Cientos de españolas y españoles despidieron con arengas de «a por ellos» a policías y guardias civiles que desde distintos cuarteles del Estado partían en los últimos días de setiembre a ocupar Catalunya. El resultado fueron las cargas del 1 de octubre contra personas que sólo pretendían votar. ¿Y qué? Generaron dolor, impotencia y rabia entre una mayoría de catalanes y contribuyeron a descalificar la «Marca España» en el mundo democrático. Y hoy, un mes después, esos miles de agentes armados viven aislados en barcos y barracones, quejándose de sus condiciones vitales y deseando regresar a casa, un futuro que cada vez se les presenta más lejano. Si en los próximos días vuelven a las calles a «restaurar el orden» y detener autoridades, podrán descargar su ira o su patriotismo contra la población, pero eso no va a mejorar su aceptación entre la ciudadanía.
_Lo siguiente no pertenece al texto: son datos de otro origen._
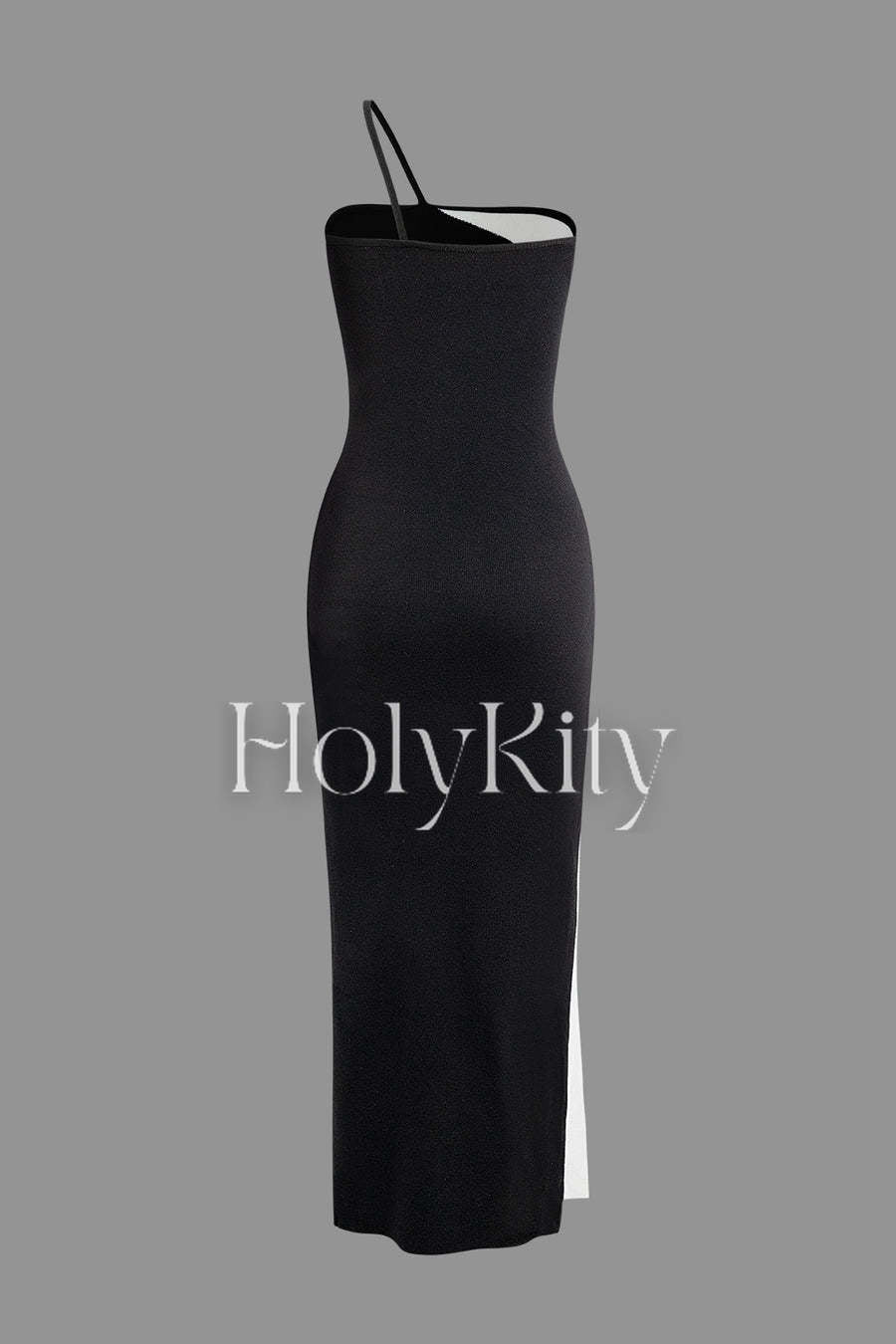Contrast One Shoulder Cami Slit Knit Maxi Dress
Las senadoras y senadores del PP recibieron ayer con una ovación al presidente del Gobierno español, Mariano Rajoy, cuando llegaba al pleno en el que se iba a permitir la usurpación de la autonomía catalana. Los aplausos entusiastas volvieron durante los tramos más duros de su discurso, el primero cuando anunció la decisión de cesar al president de la Generalitat, Carles Puigdemont, y al resto de miembros de su Govern. Esos jaleos eran la expresión senatorial del «a por ellos» callejero. Las ovaciones molestaron a una parte del unionismo, que no veía qué había que celebrar en las decisiones que estaban adoptando. Alguien se dio cuenta de que los impulsos primarios de la derecha española volvían a ser un error de comunicación, por lo que cuando se iba a votar, las senadoras y senadores del PP volvieron a recibir con una ovación a Mariano Rajoy y a los miembros del Gobierno, pero se les prohibió que aplaudieran el resultado de la votación (214 votos a favor del 155, 47 en contra y 1 abstención).
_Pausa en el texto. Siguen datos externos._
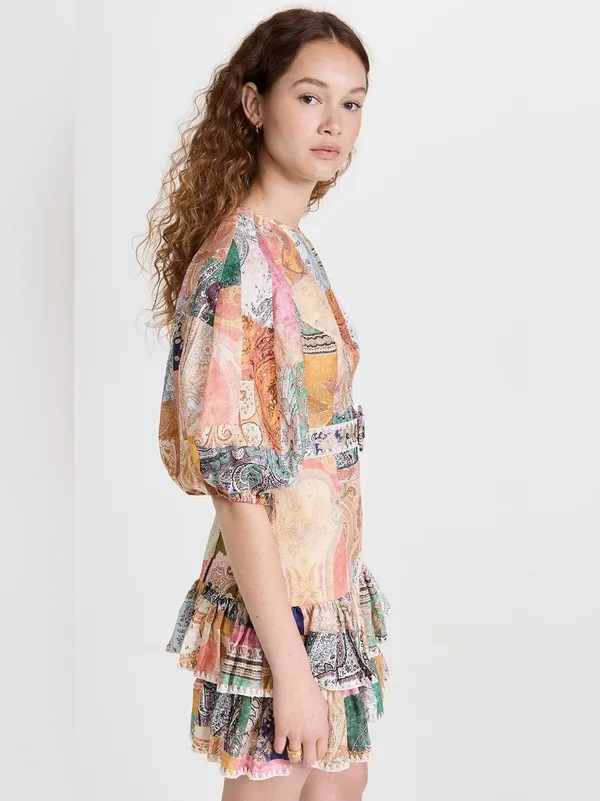 Zimmermann Anneke Ruffle Hem Mini Dress | Size 2 - Image 3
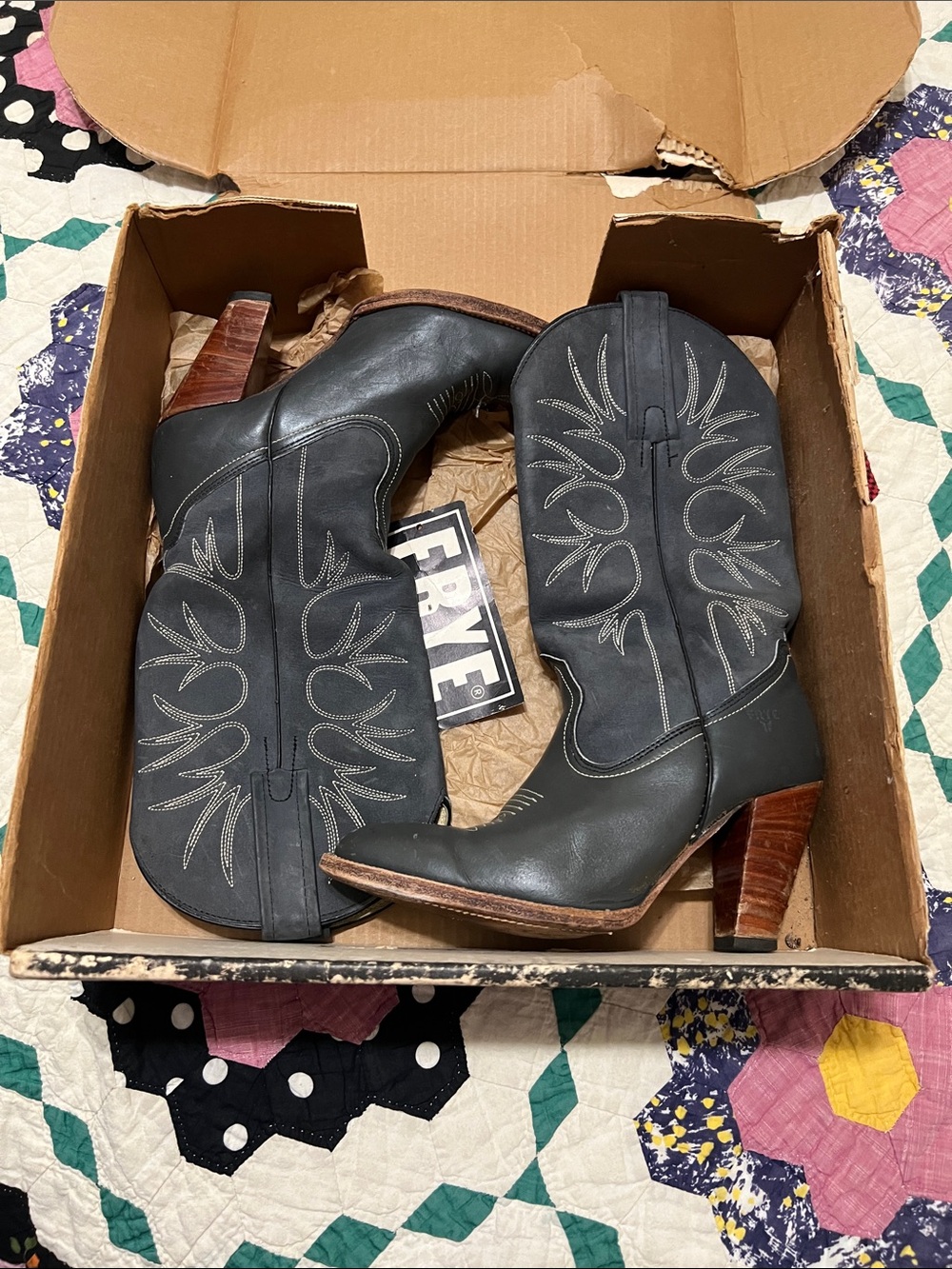 Frye Vintage dark gray Leather Western Boots with Brown Stacked Heel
Ese silencio obligado era tramposo. Dentro de quienes tanto habían aplaudido seguía el sentimiento de «a por ellos» que les había llevado a las ovaciones anteriores. Solo Mariano Rajoy, con gesto circunspecto y un tanto acongojado durante varios tramos del pleno, parecía ser consciente del jardín en el que se estaba metiendo España y su Gobierno. Una cosa es firmar decretos en el Consejo de Ministros, y otra poder llevarlos a buen puerto sobre el terreno. ¿Puerto? Tomen ejemplo de los del barco de Piolín. Recuerden Vietnam.